Processing and performance

Voci's ASR performance, also known as throughput, is measured by the total duration of audio transcribed per hour. The specifications of the system V‑Blaze operates on has a significant impact on throughput. For example, V‑Blaze has higher throughput running on a system with a 16 core CPU, Nvidia GPU module, and 128 GB RAM than it would on a system with an 8 core CPU and no GPU.

Throughput varies based on language models, optional ASR features, and audio characteristics. Concurrent use of multiple models and languages on a single instance is supported, but the available model configuration must match the resources available (primarily RAM and GPU memory).

V‑Blaze runs on wide variety of configurations. However, the primary factors for choosing a deployment configuration are operational cost and availability. Calculate operational costs by taking the system cost (price per hour) and divide it by the observed throughput (duration of audio transcribed per hour).

For more information on processing and performance, refer to V‑Blaze standard system configurations or contact support@vocitec.com to determine the most suitable options for your needs.

Storage

V‑Blaze does not store any request data; therefore, system storage requirements are minimal and limited only to the software and models. System storage space required for V‑Blaze software is less than 10 GB. Additionally, each ASR model can require up to 5 GB of storage. Typical system configurations range from 20 GB to 250 GB. SSD storage is recommended for quicker boot and load times.

Note: In deployments with a large number of ASR instances, Voci recommends storing all models (/opt/voci/models) on a central shared network drive for performance and maintenance. In AWS deployments, this is typically done using a mounted remote EFS (Elastic File System).

Using V‑Blaze with AWS

Voci support recommends using GPU-enhanced instances to deploy Voci V‑Blaze on AWS. The g4.4xlarge instance type provides optimal price, performance, and scalability for Voci V‑Blaze, and g3.4xlarge is also supported.

For non-GPU instances, optimal sizing depends on other factors like the number of language models installed. Contact support@vocitec.com for recommendations.

V‑Blaze standard system configurations

Table 1. V‑Blaze AWS development system configurations — 12/01/2023

Configuration

Nominal Throughput (audio processed per hour)

System Type

AWS instance type

Optional Configuration

Notes

V‑Blaze — AWS standard

200 hrs

Virtual (GPU)

g3.4xlarge, g4dn.4xlarge, g5.4xlarge

GPU hosts can process approximately 200 hours of audio per hour.
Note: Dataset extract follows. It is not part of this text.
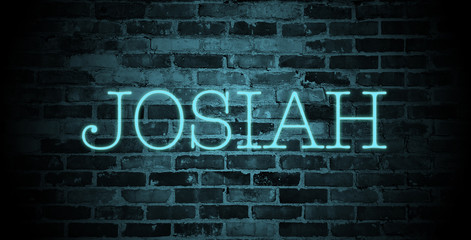 first name Josiah in blue neon on brick wall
V‑Blaze — AWS minimal development

50 hrs

Virtual (no GPU)

m4.2xlarge, m5.2xlarge, m6.2xlarge, m7.2xlarge

Non-GPU hosts can process approximately 50 hours of audio per hour. This is a cost-effective host for development with customer data.

Table 2. V‑Blaze standard system configurations — 01/01/2021

Configuration

Nominal Throughput (audio processed per hour)

System Type

Hardware Specifications

Optional Configuration

Notes

V‑Blaze — High Volume

1000+ hrs

1U Server

CPU: 2x Intel Xeon Gold 6248R

GPU: 1x NVIDIA A100 (40 GB)

RAM: 384 GB

Storage: 2x 250 GB SSD in RAID1

2x 2TB HDD

Additional storage is necessary if a single ASR host is used for Direct-to-Transcript, V‑Spark Analytics, or audio storage.

V‑Blaze — Low Volume

350 hrs

1U Server

CPU: 2x Intel Xeon Gold 6226R

GPU:1x NVIDIA T4 (16 GB)

RAM: 192 GB

Storage: 2x 250GB SSD in RAID1

2x 2TB HDD

Additional storage is necessary if a single ASR host is used for Direct-to-Transcript, V‑Spark Analytics, or audio storage.

V‑Blaze — AWS Standard

200 hrs

EC2 g4dn.4xlarge

CPU: 16x vCPU (Intel Xeon E5-2686 v4 Cascade Lake)

GPU: 1x NVIDIA T4 (16 GB)

RAM: 64 GB

Storage: 20 GB EBS gp2

Alternate AWS instances include g3.4xlarge or any larger g3/g4 instance. Voci recommends .4xl instances for the best value and scaling.

V‑Blaze — Minimal Virtual (no GPU)

50 hrs

EC2 m5.2xlarge or equivalent VM instance

CPU: 8x vCPU (Intel Xeon Platinum 8259CL)

GPU: N/A

RAM: 32

Storage: 20 GB EBS gp2

Voci does not recommend this configuration for production. However, a nominal throughput of up to 50 hours of audio per hour is possible.